Now spool forward to the present day. A startup named Snapchat, which has no visible revenues, recently turned down an acquisition offer of $3 billion (¥309 billion)from Facebook. I can only think of three possible interpretations of this: the founders are idiots; The founders are geniuses who have a plan that will make Snapchat into a Really Big company; or they believe they can get a better deal from someone else.

Then there’s Twitter, a company with much the same financial characteristics but nevertheless achieved a valuation of $14 billion (¥2.37 trillion) on its IPO and is currently valued at $22 billion (¥3.73 trillion). In the old days, companies used to be valued on their price/earnings (P/E) ratio. Nowadays, nobody seems perturbed that there is no E. And the other day, in a nicely ironic development, the Nasdaq index nudged past the 4,000 mark, which was the level it reached when things went pear-shaped in 2000 as the first Internet bubble burst.

The bad news, therefore, is that we’re now in another technology bubble. If you are impolite enough to mention this in Silicon Valley at the moment, however, then people will cut you dead. That’s par for the bubble course. The folks who are caught up in one do not appreciate well-meaning attempts to rain on their parade. When the Celtic tiger was roaring in my beloved homeland, for example, a lone economist named Morgan Kelly dared to say that the tiger had no fur — and he was roundly abused for his pains.

The good news is that when the current technology bubble pops there will be less collateral damage than last time. This is largely because it costs so much less to start a technology company nowadays and the funding models (and therefore the investment risks) are different. In the 1990s, you needed $5 million to get going, whereas $50,000 will do the trick now. And whereas in the late ’90s you needed venture-capital funding (with all the attendant downsides) just to demonstrate that you might have a viable business, nowadays you only seek venture capital funds to scale up the enterprise into a proper company.

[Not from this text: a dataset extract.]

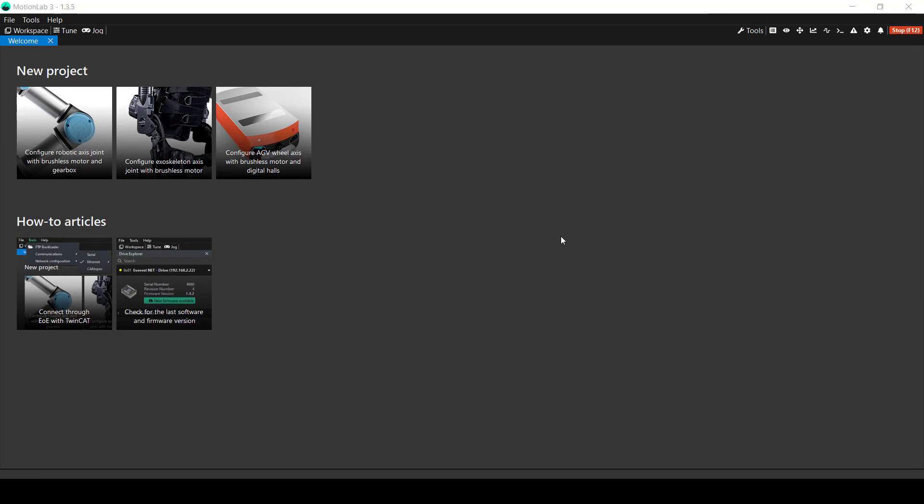The following is a tutorial on how to connect to your servo drive in MotionLab 3 through Ethernet when you have installed the Canopen firmware in your drive.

The critical moment in any startup’s life is making the transition from idea to commitment. It’s the point where you and a mate decide to abandon the day job and work full time on the concept. And here, again, things have changed compared with the ’90s, largely thanks to Paul Graham, a celebrated programmer, essayist and investor. In 2005, he and two colleagues came up with the idea for a startup incubator they named Y Combinator, which would provide seed money, advice and connections at two three-month programs every year. In exchange, Y Combinator took an average of about 6 percent of each new company’s equity. Thus far, Y Combinator has incubated more than 550 startups, 287 of which are cumulatively worth $11.7 billion (¥1.98 trillion) and include Dropbox, Airbnb, Stripe and Reddit. So Graham has become even richer and the incubator model has spread to other countries.

“When I graduated from college in 1986,” he writes, “there were essentially two options: Get a job or go to grad school. Now there’s a third: Start your own company. That’s a big change. In principle, it was possible to start your own company in 1986, too, but it didn’t seem like a real possibility. It seemed possible to start a consulting company or a niche-product company, but it didn’t seem possible to start a company that would become big. That kind of change, from two paths to three, is the sort of big social shift that only happens once every few generations. I think we’re still at the beginning of this one.”

So maybe Galbraith was wrong: Sometimes, we do learn from our mistakes.